- _Work task_:
Once the line holding "2025Ÿ��51236 ���� ����" is found in the listing below, write it out and each later line exactly, up to and including the one holding "SERFS & CHATTELS".

- _Input data_:
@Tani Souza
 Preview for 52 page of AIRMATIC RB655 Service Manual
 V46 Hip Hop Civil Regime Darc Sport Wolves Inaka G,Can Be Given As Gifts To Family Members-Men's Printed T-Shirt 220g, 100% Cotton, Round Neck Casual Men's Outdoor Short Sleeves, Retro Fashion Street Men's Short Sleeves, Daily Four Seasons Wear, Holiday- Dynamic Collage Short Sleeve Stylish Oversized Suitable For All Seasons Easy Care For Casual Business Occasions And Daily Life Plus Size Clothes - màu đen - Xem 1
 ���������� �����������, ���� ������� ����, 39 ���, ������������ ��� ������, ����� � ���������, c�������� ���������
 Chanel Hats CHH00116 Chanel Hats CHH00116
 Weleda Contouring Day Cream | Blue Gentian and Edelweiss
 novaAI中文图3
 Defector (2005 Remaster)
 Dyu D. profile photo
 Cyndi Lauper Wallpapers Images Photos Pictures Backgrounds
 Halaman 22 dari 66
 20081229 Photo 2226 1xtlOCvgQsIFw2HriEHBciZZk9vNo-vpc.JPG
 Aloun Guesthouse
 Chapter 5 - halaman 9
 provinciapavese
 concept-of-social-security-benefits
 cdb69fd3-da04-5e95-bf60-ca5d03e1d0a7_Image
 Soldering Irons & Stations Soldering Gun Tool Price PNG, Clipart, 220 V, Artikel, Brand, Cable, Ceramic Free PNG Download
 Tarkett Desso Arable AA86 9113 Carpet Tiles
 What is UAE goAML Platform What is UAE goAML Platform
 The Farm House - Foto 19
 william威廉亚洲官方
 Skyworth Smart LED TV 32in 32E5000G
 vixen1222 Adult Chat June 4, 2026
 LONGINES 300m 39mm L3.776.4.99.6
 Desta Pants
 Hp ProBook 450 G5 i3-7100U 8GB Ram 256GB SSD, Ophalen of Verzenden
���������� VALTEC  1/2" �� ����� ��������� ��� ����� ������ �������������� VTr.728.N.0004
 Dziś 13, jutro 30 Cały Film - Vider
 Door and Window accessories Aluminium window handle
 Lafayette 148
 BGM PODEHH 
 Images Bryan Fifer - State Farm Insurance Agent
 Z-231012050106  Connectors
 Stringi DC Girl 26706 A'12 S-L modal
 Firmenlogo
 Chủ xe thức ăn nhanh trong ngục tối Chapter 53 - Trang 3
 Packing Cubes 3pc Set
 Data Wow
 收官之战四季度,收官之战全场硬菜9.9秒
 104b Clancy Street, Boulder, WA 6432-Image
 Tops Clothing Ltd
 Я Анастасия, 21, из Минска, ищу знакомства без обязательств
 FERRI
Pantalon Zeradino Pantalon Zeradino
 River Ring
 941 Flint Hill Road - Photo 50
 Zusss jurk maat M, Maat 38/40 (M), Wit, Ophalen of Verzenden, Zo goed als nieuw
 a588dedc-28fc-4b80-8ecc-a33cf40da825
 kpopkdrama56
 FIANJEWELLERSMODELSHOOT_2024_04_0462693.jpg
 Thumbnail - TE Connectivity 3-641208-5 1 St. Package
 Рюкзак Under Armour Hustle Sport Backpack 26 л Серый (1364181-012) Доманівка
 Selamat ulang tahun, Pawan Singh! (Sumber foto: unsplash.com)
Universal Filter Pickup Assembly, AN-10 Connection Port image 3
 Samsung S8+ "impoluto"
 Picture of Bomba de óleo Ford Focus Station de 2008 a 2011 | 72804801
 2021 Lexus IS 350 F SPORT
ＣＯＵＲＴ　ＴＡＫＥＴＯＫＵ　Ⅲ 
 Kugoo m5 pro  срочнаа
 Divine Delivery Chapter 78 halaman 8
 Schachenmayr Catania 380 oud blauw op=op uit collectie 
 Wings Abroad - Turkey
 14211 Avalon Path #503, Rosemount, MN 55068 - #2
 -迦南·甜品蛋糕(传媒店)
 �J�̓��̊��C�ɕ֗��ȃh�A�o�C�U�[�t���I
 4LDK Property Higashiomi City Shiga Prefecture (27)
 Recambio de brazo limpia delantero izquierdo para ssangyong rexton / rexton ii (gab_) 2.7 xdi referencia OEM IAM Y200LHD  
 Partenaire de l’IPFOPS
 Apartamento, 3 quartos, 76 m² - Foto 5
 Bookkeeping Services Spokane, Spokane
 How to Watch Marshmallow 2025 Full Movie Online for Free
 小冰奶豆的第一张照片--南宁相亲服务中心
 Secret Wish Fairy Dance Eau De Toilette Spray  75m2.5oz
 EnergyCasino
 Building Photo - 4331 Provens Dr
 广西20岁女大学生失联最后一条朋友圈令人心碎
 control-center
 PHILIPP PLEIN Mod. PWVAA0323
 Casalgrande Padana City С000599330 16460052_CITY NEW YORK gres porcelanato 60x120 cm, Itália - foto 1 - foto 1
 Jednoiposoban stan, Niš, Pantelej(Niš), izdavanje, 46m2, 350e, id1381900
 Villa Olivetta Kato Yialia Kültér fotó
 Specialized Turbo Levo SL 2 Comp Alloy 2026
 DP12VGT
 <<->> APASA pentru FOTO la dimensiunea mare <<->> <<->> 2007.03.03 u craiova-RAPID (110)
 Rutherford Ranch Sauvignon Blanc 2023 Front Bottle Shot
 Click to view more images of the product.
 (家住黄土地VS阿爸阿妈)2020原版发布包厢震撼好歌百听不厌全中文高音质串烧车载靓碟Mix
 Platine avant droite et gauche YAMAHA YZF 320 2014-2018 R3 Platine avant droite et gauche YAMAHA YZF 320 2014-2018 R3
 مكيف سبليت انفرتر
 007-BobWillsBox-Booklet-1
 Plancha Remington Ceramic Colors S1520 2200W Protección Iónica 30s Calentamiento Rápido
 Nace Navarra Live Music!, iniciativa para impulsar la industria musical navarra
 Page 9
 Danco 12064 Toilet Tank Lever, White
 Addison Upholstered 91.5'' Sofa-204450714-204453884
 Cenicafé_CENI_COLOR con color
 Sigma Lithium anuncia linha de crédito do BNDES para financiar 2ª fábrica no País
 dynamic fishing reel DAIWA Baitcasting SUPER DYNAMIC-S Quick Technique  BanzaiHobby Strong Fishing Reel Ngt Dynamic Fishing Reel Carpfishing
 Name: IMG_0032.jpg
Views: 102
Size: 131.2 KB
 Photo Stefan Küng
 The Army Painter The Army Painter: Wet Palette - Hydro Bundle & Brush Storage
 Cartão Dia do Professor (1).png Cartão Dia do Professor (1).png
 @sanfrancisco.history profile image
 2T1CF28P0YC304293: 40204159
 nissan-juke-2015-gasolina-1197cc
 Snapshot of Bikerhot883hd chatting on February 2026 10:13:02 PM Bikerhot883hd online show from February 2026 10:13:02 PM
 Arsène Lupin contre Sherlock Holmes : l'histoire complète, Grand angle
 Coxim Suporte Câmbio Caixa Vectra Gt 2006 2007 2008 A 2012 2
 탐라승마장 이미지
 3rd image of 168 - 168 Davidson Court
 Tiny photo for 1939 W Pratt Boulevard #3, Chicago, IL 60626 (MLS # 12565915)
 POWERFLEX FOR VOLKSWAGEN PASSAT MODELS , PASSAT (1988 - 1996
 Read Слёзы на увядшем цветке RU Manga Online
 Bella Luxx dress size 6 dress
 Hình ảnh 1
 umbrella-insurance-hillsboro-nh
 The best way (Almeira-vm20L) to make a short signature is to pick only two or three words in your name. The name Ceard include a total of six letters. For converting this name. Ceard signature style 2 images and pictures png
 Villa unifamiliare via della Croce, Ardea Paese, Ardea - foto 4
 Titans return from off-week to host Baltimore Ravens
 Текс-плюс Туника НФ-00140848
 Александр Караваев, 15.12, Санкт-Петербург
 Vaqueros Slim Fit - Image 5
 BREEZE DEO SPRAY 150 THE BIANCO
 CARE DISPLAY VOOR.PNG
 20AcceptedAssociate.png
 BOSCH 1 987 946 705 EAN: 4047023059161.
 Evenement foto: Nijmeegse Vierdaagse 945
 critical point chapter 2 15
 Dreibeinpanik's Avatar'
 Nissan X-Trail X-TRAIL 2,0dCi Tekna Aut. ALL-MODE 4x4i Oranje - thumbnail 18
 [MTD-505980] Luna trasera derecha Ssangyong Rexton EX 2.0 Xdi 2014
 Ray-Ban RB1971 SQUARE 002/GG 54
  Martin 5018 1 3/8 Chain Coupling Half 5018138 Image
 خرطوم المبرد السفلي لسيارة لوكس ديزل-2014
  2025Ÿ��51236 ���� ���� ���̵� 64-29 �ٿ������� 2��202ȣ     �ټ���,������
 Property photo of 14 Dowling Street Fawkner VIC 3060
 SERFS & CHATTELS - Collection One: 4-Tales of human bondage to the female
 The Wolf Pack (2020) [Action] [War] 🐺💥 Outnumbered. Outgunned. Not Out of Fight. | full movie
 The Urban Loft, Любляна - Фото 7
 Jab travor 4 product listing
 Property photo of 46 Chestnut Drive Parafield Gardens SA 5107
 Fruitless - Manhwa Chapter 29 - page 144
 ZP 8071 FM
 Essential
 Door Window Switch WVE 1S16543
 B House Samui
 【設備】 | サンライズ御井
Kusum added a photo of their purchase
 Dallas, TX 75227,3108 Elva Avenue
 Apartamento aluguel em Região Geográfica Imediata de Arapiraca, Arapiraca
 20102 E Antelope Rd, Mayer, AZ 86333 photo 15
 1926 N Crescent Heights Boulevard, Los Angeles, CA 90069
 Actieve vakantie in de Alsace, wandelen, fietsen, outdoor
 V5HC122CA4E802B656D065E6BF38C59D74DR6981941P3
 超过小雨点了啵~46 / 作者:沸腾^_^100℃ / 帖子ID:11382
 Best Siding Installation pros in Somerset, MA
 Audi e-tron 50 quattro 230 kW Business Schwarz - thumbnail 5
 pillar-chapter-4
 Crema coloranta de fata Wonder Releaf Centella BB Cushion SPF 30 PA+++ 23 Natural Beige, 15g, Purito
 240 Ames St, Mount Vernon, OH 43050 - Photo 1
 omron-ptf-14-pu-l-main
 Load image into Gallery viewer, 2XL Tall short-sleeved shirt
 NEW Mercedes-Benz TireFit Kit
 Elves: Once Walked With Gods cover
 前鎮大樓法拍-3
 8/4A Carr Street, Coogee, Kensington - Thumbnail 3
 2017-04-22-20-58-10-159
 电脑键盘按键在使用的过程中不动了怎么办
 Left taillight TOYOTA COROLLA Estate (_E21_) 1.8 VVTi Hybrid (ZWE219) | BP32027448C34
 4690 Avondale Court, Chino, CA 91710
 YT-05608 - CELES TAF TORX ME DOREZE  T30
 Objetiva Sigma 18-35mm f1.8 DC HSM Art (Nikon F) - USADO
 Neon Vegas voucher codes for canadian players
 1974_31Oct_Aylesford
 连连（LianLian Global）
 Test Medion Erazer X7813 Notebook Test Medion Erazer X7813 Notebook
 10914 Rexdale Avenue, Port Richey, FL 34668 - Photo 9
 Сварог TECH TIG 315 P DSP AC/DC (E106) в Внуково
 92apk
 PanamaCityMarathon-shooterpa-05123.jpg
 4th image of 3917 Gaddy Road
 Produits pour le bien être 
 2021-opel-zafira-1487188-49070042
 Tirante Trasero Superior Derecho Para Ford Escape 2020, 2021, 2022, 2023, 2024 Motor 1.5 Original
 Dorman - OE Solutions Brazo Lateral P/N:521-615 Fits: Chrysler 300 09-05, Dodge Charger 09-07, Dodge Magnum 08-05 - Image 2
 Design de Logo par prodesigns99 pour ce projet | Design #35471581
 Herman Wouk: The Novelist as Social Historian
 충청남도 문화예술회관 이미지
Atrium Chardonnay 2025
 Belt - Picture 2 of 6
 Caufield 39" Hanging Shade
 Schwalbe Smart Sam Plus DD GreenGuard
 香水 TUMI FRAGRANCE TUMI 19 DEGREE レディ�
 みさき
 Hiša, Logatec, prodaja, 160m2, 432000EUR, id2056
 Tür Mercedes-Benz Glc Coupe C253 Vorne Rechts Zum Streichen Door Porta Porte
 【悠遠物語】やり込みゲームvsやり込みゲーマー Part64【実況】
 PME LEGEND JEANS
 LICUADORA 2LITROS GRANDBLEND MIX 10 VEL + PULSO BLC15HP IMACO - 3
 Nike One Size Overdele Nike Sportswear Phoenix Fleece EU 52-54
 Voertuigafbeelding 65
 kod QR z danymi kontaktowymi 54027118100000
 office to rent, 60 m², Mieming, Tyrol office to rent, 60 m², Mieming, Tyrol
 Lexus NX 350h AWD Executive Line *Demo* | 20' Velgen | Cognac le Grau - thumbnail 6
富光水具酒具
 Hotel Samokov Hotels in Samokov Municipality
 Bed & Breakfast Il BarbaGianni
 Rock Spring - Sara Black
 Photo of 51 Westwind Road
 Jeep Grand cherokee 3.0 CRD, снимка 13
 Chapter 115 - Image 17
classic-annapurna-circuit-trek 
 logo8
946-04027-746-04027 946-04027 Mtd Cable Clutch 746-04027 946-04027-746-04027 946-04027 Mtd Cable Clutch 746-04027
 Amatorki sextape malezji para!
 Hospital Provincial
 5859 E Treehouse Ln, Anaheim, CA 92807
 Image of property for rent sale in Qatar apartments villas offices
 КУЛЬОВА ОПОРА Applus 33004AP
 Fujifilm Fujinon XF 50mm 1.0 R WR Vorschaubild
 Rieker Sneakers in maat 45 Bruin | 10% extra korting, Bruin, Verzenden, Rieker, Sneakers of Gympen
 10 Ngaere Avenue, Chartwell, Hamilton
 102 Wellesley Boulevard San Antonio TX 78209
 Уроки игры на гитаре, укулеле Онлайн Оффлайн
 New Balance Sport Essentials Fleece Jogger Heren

- _Task solution_:
  2025Ÿ��51236 ���� ���� ���̵� 64-29 �ٿ������� 2��202ȣ     �ټ���,������
 Property photo of 14 Dowling Street Fawkner VIC 3060
 SERFS & CHATTELS - Collection One: 4-Tales of human bondage to the female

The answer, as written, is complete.